Martin Lersch, Geburtsjahr 1954, Studium für Design in Krefeld und an der Gesamthochschule Essen, trug Zitate, Gedichte und Texte seines Großvaters mit verhaltener, relativ leiser Stimme vor, die ein konzentriertes Zuhören erforderte. Er begann mit einem plattdeutschen Gedicht aus dem Roman „Hammerschläge“. Auch die weiteren Zitate und Texte ließen immer wieder den rheinischen Ursprung der Sprache erkennen. Sie stammten hauptsächlich aus dem obigen Buch sowie einem Sammelband verschiedener Gedichte und Prosaerzählungen, zusammengestellt 1967, der auch Reiseberichte und die „Hammerschläge“ enthielt; nicht zu vergessen der zweiteilige Roman „Manni“, dessen 2. Teil den Titel „Kinder in der Fremde“ trägt. Interessanterweise, sagt Lersch, habe der erste Teil keine Überschrift.
In „Manni“ kommt autobiographisch deutlich das Lebensschicksal des Großvaters Lersch heraus, der als „Kind der Arbeit“ zeitlebens mit Armut zu kämpfen hatte, zusätzlich zu seiner Asthmakrankheit und einem Lungenleiden, das ihn zu Aufenthalten in der Schweiz (Davos) nötigte.
Seine Texte sind geprägt von Kriegserlebnissen und der Frage, vor allem nach dem 1. Weltkrieg „Was haben wir gelernt?“ nebst der Erkenntnis „Es hat ein jeder Toter des Bruders Angesicht“.
Im Hinblick darauf ist auch ein zweifelnder Gedanke an Gottes Walten zu spüren, wenn er Briefe mit Freunden tauscht und sein berühmtes Gedicht „Soldatenabschied“ verfasst, das ihm falsch ausgelegt wird. Gerade der Refrain dieses Gedichtes war für die Nazis ein gefundenes Propagandafressen: „Lass mich gehen Mutter! Deutschland muss leben, und wenn wir sterben müssen!“
Wenn Lersch auch als „Arbeiterdichter“ betrachtet wird, sagt er von sich: „Auch ein Arbeiterkind will nicht immer nur über Arbeit schreiben“.
Hein Lersch, wie man ihn nannte, wurde 1889 in Mönchengladbach geboren. In den gut 46 Jahren seines kurzen Lebens lernte er zunächst von seinem Vater das Handwerk des Kesselschmieds. Dann bildete er sich autodidaktisch weiter und arbeitete in verschiedenen Städten. Schon 1916 erhielt er den Kleist-Preis. Seine Reiseberichte beziehen sich auf Capri 1925, wo er insgesamt drei Jahre verbrachte, und Griechenland 1931.

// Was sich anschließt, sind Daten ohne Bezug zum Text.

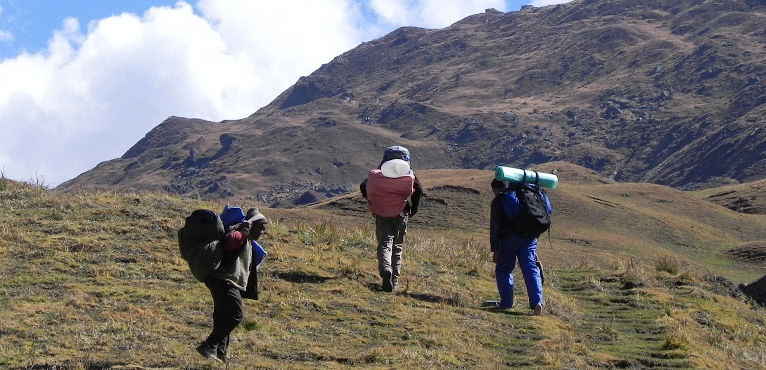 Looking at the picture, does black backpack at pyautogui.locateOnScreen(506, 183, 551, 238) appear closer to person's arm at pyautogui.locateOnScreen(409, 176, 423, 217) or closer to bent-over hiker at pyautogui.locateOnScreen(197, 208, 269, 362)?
person's arm at pyautogui.locateOnScreen(409, 176, 423, 217)

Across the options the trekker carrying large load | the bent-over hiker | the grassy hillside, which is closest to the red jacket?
the trekker carrying large load

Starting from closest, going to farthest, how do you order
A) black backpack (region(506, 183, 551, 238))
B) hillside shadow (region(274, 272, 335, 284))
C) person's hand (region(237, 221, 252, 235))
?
person's hand (region(237, 221, 252, 235)) < black backpack (region(506, 183, 551, 238)) < hillside shadow (region(274, 272, 335, 284))

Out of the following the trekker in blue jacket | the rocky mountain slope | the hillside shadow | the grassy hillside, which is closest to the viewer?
the grassy hillside

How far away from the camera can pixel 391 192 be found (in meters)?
11.9

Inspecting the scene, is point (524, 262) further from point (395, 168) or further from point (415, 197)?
point (395, 168)

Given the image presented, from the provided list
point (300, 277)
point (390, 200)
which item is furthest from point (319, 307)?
point (390, 200)

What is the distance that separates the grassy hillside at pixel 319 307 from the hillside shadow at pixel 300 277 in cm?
4

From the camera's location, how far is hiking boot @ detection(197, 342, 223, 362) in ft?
25.2

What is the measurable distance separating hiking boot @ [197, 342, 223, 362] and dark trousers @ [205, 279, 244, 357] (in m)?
0.03

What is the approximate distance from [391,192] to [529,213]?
1.74 m

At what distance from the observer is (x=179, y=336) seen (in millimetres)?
8773

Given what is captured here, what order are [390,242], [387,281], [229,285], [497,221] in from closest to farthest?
1. [229,285]
2. [497,221]
3. [387,281]
4. [390,242]

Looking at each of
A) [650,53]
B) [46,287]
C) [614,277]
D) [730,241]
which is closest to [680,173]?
[650,53]

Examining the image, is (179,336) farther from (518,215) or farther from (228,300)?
(518,215) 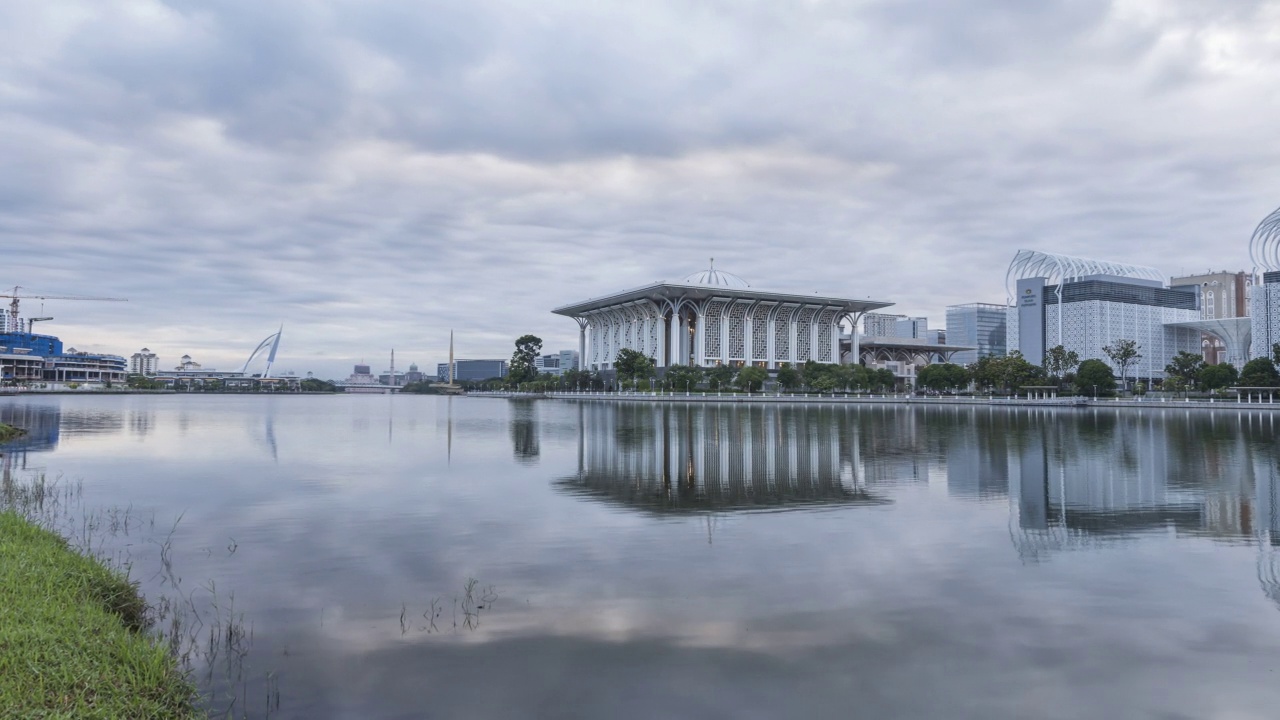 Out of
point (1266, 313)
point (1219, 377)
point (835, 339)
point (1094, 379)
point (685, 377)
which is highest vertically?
point (1266, 313)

Rheinischer Literaturpreis

Ab 1935 bis zu seinem Tod in 1936 (Remagen) war er eineinhalb Jahre Mitglied der NSDAP, unterzeichnete gar mit vielen anderen Schriftstellern ein „Treuegelöbnis für Adolf Hitler“, erhielt 1935 den Rheinischen Literaturpreis.
Heinrich Lersch sagte selbst, man habe ihn zum Umformulieren seiner Texte gezwungen und er habe schweren Herzens zugestimmt.
Der OB von Mönchengladbach, Pöschl, bat ihn eines Tages, eine Hymne auf seine Vaterstadt zu dichten, wie es viele Bürgermeister damals taten. Überschrift: „Loblied auf meine Vaterstadt“.
Lersch tut es und schreibt begleitend einen Brief an Herrn Pöschl: „Sie lesen von den Noten eines erschöpften Mannes“, und damit meinte er nicht nur seine fortgeschrittene Krankheit.
Nach zwei Zugaben, die – laut Martin Lersch – „das Publikum soeben aus ihm herausgeprügelt hat“ (Schmunzeln und Lachen im Rund), erkennt man an der Reaktion der Anwesenden (viele interessierte Fragen an den Referenten), dass sie einen unterhaltsamen Vortrag und Vortragenden in der Museumskneipe erlebt hatten.